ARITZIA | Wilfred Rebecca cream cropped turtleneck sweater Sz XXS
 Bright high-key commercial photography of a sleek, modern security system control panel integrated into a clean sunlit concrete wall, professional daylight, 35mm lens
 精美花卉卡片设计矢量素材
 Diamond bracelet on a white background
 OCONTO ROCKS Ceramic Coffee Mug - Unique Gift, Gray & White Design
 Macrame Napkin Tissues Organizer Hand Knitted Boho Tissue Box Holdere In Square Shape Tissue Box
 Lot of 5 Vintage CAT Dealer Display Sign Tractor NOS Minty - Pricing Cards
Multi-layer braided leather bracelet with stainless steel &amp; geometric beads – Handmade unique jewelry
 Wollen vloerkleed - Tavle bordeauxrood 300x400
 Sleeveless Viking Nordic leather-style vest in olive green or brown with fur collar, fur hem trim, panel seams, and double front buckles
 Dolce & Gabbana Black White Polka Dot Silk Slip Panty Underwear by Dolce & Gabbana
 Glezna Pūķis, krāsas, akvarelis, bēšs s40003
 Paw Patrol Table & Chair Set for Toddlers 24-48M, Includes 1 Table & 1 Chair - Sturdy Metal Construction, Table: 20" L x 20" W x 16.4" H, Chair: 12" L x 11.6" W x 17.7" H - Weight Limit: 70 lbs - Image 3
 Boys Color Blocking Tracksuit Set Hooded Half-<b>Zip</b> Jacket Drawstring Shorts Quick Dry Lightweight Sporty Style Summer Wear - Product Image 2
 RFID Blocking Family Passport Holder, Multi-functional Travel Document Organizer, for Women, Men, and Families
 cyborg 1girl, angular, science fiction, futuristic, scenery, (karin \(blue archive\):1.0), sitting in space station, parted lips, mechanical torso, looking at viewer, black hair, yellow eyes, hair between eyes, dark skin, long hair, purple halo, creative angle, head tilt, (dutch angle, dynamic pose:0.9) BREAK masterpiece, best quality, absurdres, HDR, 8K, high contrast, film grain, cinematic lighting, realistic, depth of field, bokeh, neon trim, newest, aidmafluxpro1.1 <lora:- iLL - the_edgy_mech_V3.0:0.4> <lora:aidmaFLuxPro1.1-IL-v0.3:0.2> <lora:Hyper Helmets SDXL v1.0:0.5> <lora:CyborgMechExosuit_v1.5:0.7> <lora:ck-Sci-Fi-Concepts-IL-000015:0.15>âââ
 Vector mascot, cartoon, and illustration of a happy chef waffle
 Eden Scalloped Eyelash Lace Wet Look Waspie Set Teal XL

## WHAT IS BEING ASKED:
The records above must be output exactly, in full.

## OUTPUT FOR THIS TASK:
ARITZIA | Wilfred Rebecca cream cropped turtleneck sweater Sz XXS
 Bright high-key commercial photography of a sleek, modern security system control panel integrated into a clean sunlit concrete wall, professional daylight, 35mm lens
 精美花卉卡片设计矢量素材
 Diamond bracelet on a white background
 OCONTO ROCKS Ceramic Coffee Mug - Unique Gift, Gray & White Design
 Macrame Napkin Tissues Organizer Hand Knitted Boho Tissue Box Holdere In Square Shape Tissue Box
 Lot of 5 Vintage CAT Dealer Display Sign Tractor NOS Minty - Pricing Cards
Multi-layer braided leather bracelet with stainless steel &amp; geometric beads – Handmade unique jewelry
 Wollen vloerkleed - Tavle bordeauxrood 300x400
 Sleeveless Viking Nordic leather-style vest in olive green or brown with fur collar, fur hem trim, panel seams, and double front buckles
 Dolce & Gabbana Black White Polka Dot Silk Slip Panty Underwear by Dolce & Gabbana
 Glezna Pūķis, krāsas, akvarelis, bēšs s40003
 Paw Patrol Table & Chair Set for Toddlers 24-48M, Includes 1 Table & 1 Chair - Sturdy Metal Construction, Table: 20" L x 20" W x 16.4" H, Chair: 12" L x 11.6" W x 17.7" H - Weight Limit: 70 lbs - Image 3
 Boys Color Blocking Tracksuit Set Hooded Half-<b>Zip</b> Jacket Drawstring Shorts Quick Dry Lightweight Sporty Style Summer Wear - Product Image 2
 RFID Blocking Family Passport Holder, Multi-functional Travel Document Organizer, for Women, Men, and Families
 cyborg 1girl, angular, science fiction, futuristic, scenery, (karin \(blue archive\):1.0), sitting in space station, parted lips, mechanical torso, looking at viewer, black hair, yellow eyes, hair between eyes, dark skin, long hair, purple halo, creative angle, head tilt, (dutch angle, dynamic pose:0.9) BREAK masterpiece, best quality, absurdres, HDR, 8K, high contrast, film grain, cinematic lighting, realistic, depth of field, bokeh, neon trim, newest, aidmafluxpro1.1 <lora:- iLL - the_edgy_mech_V3.0:0.4> <lora:aidmaFLuxPro1.1-IL-v0.3:0.2> <lora:Hyper Helmets SDXL v1.0:0.5> <lora:CyborgMechExosuit_v1.5:0.7> <lora:ck-Sci-Fi-Concepts-IL-000015:0.15>âââ
 Vector mascot, cartoon, and illustration of a happy chef waffle
 Eden Scalloped Eyelash Lace Wet Look Waspie Set Teal XL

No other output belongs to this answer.